» **AIM OF THE TASK**:
What do the lines from the top of the data through the line with "Homcom Professional Cleaning" say? Quote them exactly and include both ends.

» **RECORDED INFORMATION**:
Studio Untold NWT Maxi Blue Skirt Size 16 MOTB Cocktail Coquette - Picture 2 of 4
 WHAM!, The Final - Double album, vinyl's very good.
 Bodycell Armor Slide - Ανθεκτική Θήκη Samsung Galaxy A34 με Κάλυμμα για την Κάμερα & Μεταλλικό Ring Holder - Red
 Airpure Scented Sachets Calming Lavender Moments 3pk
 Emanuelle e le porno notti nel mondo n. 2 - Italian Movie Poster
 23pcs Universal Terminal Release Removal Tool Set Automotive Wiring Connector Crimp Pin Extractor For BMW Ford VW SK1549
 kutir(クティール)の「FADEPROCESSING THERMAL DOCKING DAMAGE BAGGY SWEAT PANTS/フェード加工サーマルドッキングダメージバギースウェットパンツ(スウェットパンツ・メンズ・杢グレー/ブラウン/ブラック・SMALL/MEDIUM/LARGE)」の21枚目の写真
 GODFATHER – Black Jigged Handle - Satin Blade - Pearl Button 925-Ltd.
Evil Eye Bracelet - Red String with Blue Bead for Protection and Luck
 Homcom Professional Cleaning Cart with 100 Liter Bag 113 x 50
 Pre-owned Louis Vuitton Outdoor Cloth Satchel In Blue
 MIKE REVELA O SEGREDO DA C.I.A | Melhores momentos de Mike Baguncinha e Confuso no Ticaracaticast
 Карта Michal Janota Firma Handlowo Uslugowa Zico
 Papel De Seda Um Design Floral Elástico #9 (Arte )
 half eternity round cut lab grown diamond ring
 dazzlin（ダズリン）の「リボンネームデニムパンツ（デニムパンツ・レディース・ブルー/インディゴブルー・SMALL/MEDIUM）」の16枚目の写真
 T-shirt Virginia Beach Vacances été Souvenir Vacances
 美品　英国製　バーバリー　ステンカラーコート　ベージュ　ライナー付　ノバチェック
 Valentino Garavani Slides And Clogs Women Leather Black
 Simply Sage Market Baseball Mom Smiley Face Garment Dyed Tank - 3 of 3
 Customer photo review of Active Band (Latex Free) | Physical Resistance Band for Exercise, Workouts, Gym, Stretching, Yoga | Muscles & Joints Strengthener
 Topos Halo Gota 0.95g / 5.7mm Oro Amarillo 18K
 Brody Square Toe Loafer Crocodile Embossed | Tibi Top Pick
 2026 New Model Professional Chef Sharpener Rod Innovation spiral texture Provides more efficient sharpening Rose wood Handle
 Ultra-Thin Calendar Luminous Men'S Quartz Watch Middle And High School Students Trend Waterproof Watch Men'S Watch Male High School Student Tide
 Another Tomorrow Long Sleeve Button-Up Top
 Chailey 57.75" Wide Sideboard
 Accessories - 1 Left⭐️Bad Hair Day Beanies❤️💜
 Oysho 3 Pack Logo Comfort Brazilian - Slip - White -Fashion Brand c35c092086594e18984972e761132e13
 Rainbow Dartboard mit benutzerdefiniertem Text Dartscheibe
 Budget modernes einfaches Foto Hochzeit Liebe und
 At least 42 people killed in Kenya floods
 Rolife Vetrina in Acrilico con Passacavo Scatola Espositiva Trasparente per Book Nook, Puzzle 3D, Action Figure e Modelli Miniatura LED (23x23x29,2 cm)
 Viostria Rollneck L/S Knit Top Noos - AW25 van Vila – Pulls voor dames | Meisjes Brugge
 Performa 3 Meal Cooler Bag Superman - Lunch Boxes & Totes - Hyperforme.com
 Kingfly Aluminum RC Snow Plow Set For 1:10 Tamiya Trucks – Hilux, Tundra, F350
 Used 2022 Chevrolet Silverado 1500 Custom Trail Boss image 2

» **RESULT FOR THIS EXERCISE**:
Studio Untold NWT Maxi Blue Skirt Size 16 MOTB Cocktail Coquette - Picture 2 of 4
 WHAM!, The Final - Double album, vinyl's very good.
 Bodycell Armor Slide - Ανθεκτική Θήκη Samsung Galaxy A34 με Κάλυμμα για την Κάμερα & Μεταλλικό Ring Holder - Red
 Airpure Scented Sachets Calming Lavender Moments 3pk
 Emanuelle e le porno notti nel mondo n. 2 - Italian Movie Poster
 23pcs Universal Terminal Release Removal Tool Set Automotive Wiring Connector Crimp Pin Extractor For BMW Ford VW SK1549
 kutir(クティール)の「FADEPROCESSING THERMAL DOCKING DAMAGE BAGGY SWEAT PANTS/フェード加工サーマルドッキングダメージバギースウェットパンツ(スウェットパンツ・メンズ・杢グレー/ブラウン/ブラック・SMALL/MEDIUM/LARGE)」の21枚目の写真
 GODFATHER – Black Jigged Handle - Satin Blade - Pearl Button 925-Ltd.
Evil Eye Bracelet - Red String with Blue Bead for Protection and Luck
 Homcom Professional Cleaning Cart with 100 Liter Bag 113 x 50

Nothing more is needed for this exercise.